=== Extracted records ===

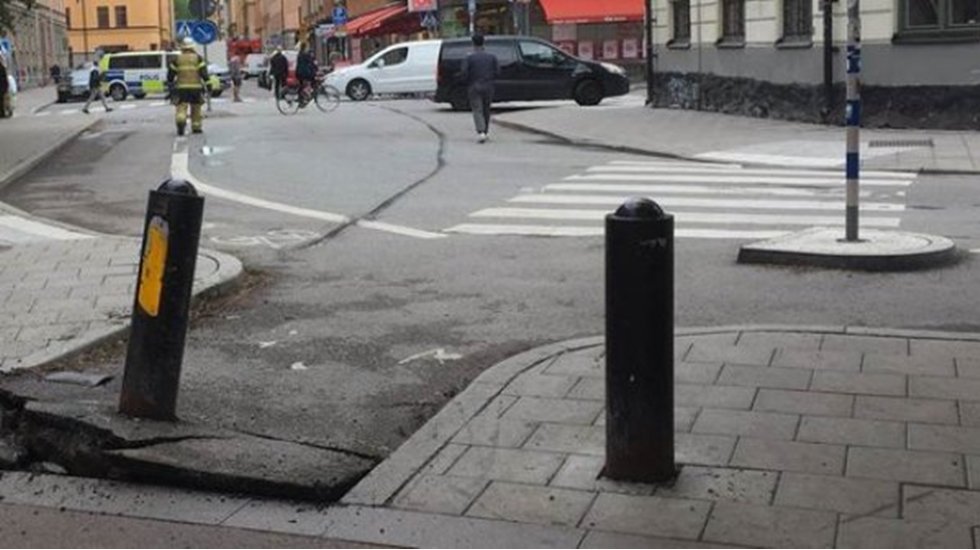 &Ouml;yle bir yalan s&ouml;yledi ki dediğini yaptırdı polisleri &ccedil;ıldırttı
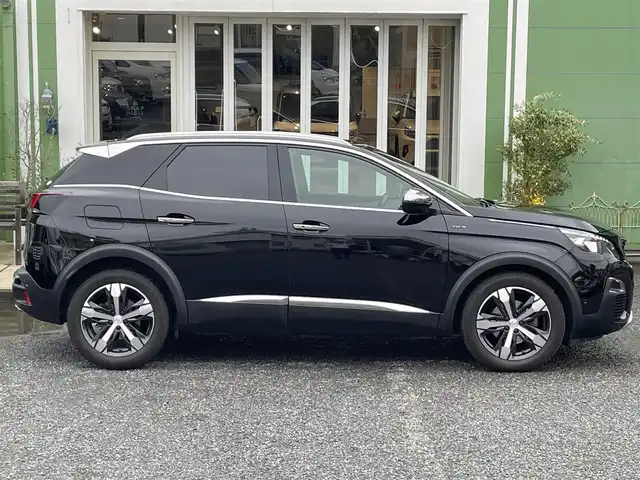 プジョー ３００８ GT ブルー HDi 埼玉県 2018(平30)年 4.7万km 黒 ファーストクラスパッケージ＆ナッパレザーシート/・パノミックサンルーフ/・運転席メモリー付パワーシート/・フロントシートヒーター/・パークアシスト/パワーバックドア/クリアランスソナー/LEDヘッドライト/純正18インチAW/アクティブクルーズコントロール/衝突軽減ブレーキ/レーンアシスト/プッシュスタート/スマートキー/保証書付整備手帳/取扱説明書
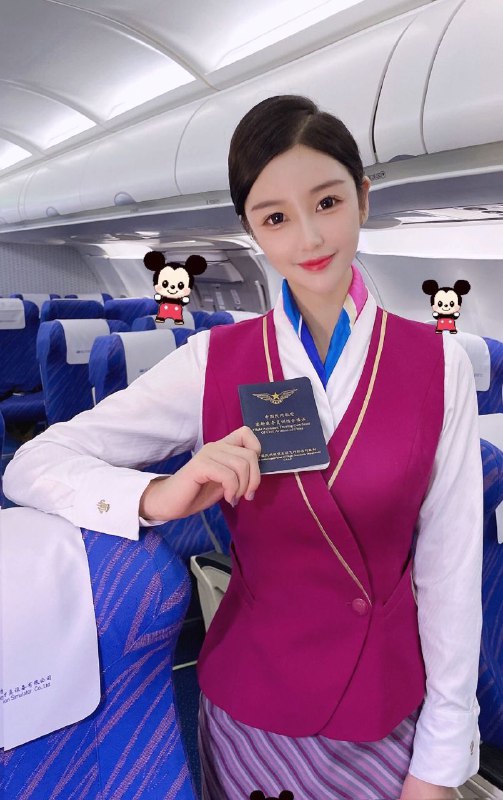 #深圳今日推荐⭕️SZ7038五官精致全身无整容低调清纯类型 性感尤物 人间芭比🌐频道客服@AnnaGJ168🌐频道客服@AnnaGJ168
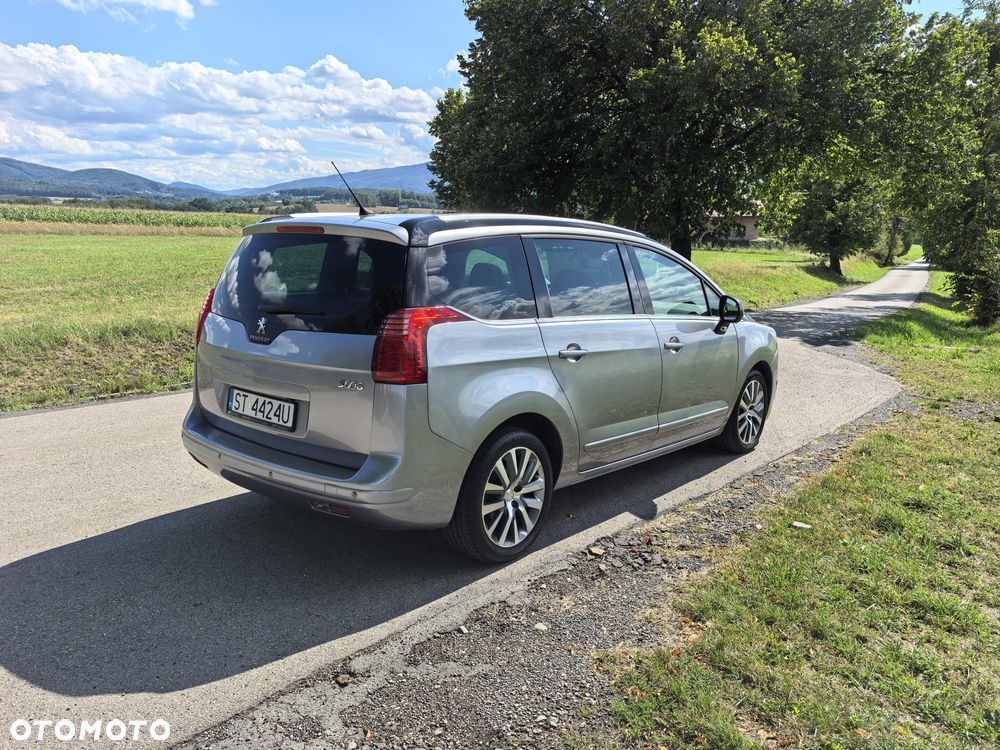 Peugeot 5008 2.0 HDi Premium + - 4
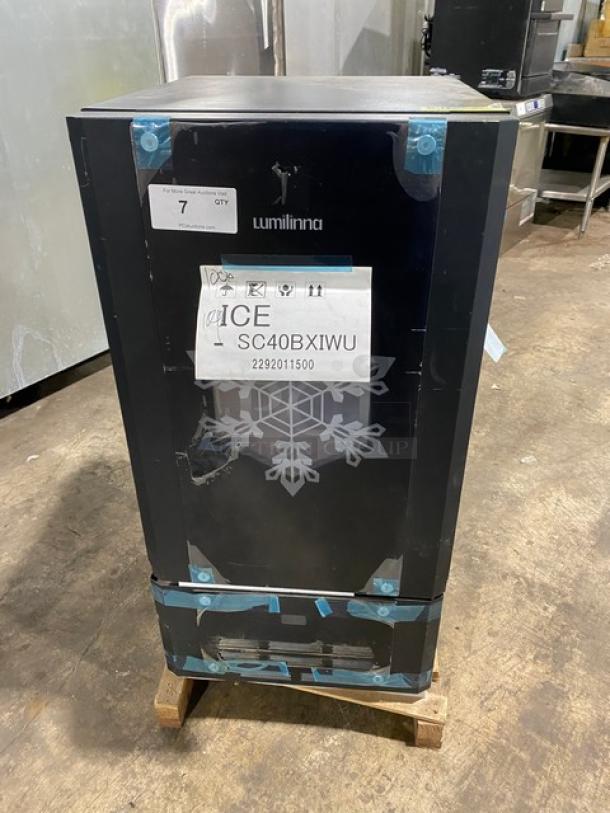 Vendo Lumilinna Series black single door slush refrigerator, model ICE-SC40BXIWU, new condition, scratch-n-dent.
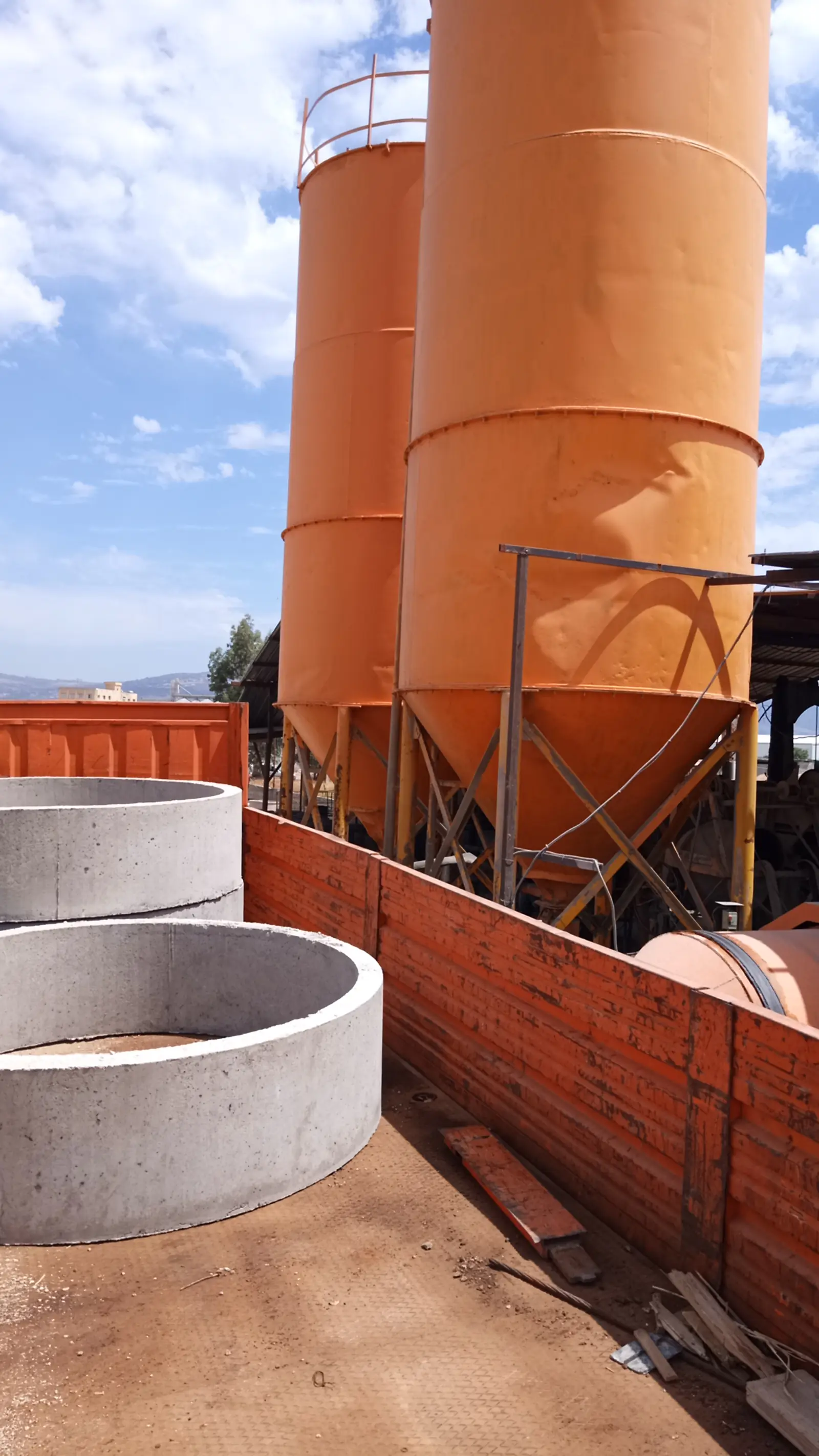 Silos et regards ronds chargés sur un camion, sur le site de Ouarkik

===

In the material above, retype exactly the lines that run from the one containing "#深圳今日推荐⭕️SZ703" through the last line, and keep out the pictures.

 #深圳今日推荐⭕️SZ7038五官精致全身无整容低调清纯类型 性感尤物 人间芭比🌐频道客服@AnnaGJ168🌐频道客服@AnnaGJ168
 Peugeot 5008 2.0 HDi Premium + - 4
 Vendo Lumilinna Series black single door slush refrigerator, model ICE-SC40BXIWU, new condition, scratch-n-dent.
 Silos et regards ronds chargés sur un camion, sur le site de Ouarkik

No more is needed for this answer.